### Randomly Generating a Truncated Normal Distribution

A brief foray into the actual nitty-gritty aspects of research, especially the part that seems to dominate the time of a graduate student in Epidemiology: coding.

Particularly, the code for generating random numbers from a truncated normal distribution in SAS 9.2. Generating numbers from a *regular *normal distribution is easy as pie:

x=rannor(seed), where x is the variable you want to be random, and seed is a number. -1 and 0 will generate pseudorandom numbers from – I believe – your processor’s clock, whereas some other number, say 123 will use a set seed for the algorithm, which means that while the numbers will be “random”, you’ll get the same list of random numbers each time, handy for repeatability while you’re developing.

But lets say you want a variable that only goes between -1 and 1, or in this example -2 and 2? The normal distribution doesn’t actually *have* boundaries, so you’re going to get numbers outside that range. Below is annotated code for producing a stream of numbers like that.

**data work.trunc_norm;**

** mean=0;**

** sd=1;**

** max=2;**

** min=-2;**

** do i = 1 to 10000;**

** random=max+1;**

** do while (random<min or random>max);**

** random=rannor(-1)*sd+mean;**

** end;**

** output;**

** end;**

**run;**

The variable names here have been designed to be self-explanatory. **mean** and **sd** are the mean and standard deviation of the normal distribution you want to draw from. **max** and **min** the maximum and minimum values you want generated. **random** is the randomly generated variable – in this case, we generate 10,000 values so we get a large number of random values, and we can reliably take a look at the results and make sure we’re getting what we want to get. The little bit about **random = max +1 ** (min-1 also works) keeps the loop going – without it, the first random number that satisfies the boundary conditions shuts down the loop, and you’ll get 10,000 samples of a single number. When generating, rather than manipulating data, it’s best to get a firm handle on how the SAS system handles DATA steps, loops etc. They are, on occasion, nightmarish.

How to check? A simple bit of PROC UNIVARIATE code:

**proc univariate data=work.trunc_norm;**

** var random;**

** histogram/normal( color=blue mu=0 sigma=1);**

**run;**

This generates some statistical moments about the random variable, and then a histogram of the random variable, with a blue overlay of the normal distribution we’re looking for – one with a mean of 0 and a standard deviation of 1. Did it work?

N = 10,000 – hooray, we got all the numbers we wanted.

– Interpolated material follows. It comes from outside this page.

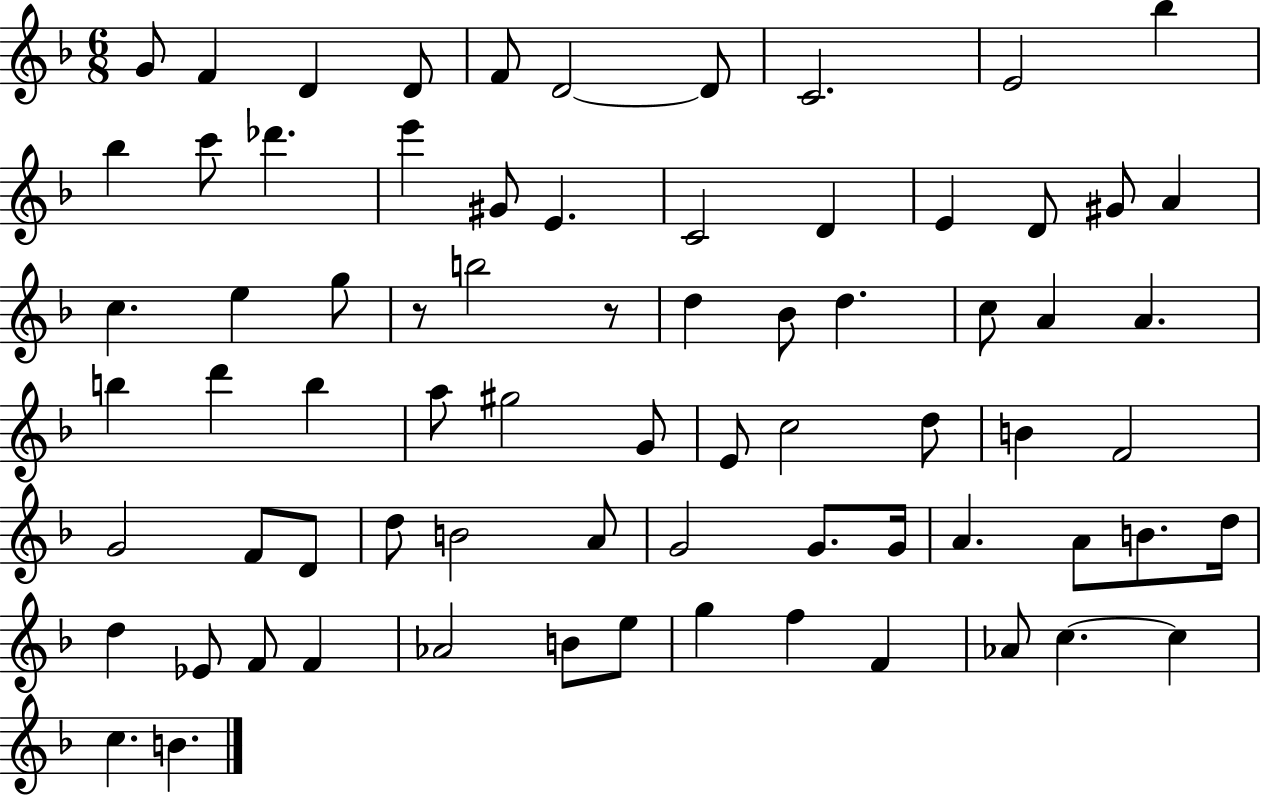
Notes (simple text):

Mean= 0.0042 – pretty close to zero for the number’s we’re looking for

Standard Deviation= 0.8841- note per the comments (and ignoring a ‘herp derp’ moment on my part) that this will *not* be one because we’ve changed the distribution.

The minimum and maximum values? 1.9980 and -1.9970 respectively – right at where we wanted the boundaries to be. The histogram:

Generally, it looks like the code above generates what we want it to – which is good, as its being used in my work.

Acknowledgements: Much of the code above is adapted from a post by Bernard Tremblay on the SAS-L archives from 1997.

Filed under: Epidemiology, Grad School Life, SAS | 6 Comments

Tags: RNG, SAS

Thanks. I’m using this idea in a project I’m working on. As my statistician friend put it, “It will make pseudorandom normal-like data, but I wouldn’t use it if anyone’s life is on the line.”

Now, how can I create a truncated skewed normal distribution? 🙂

Nor would I use it when someone’s life is on the line. To be frank, I wouldn’t use anything I found in a blog when someone’s life is on the line 🙂

As for a truncated skewed normal distribution, I imagine there are ways, but at the moment, I’m away from a machine with SAS.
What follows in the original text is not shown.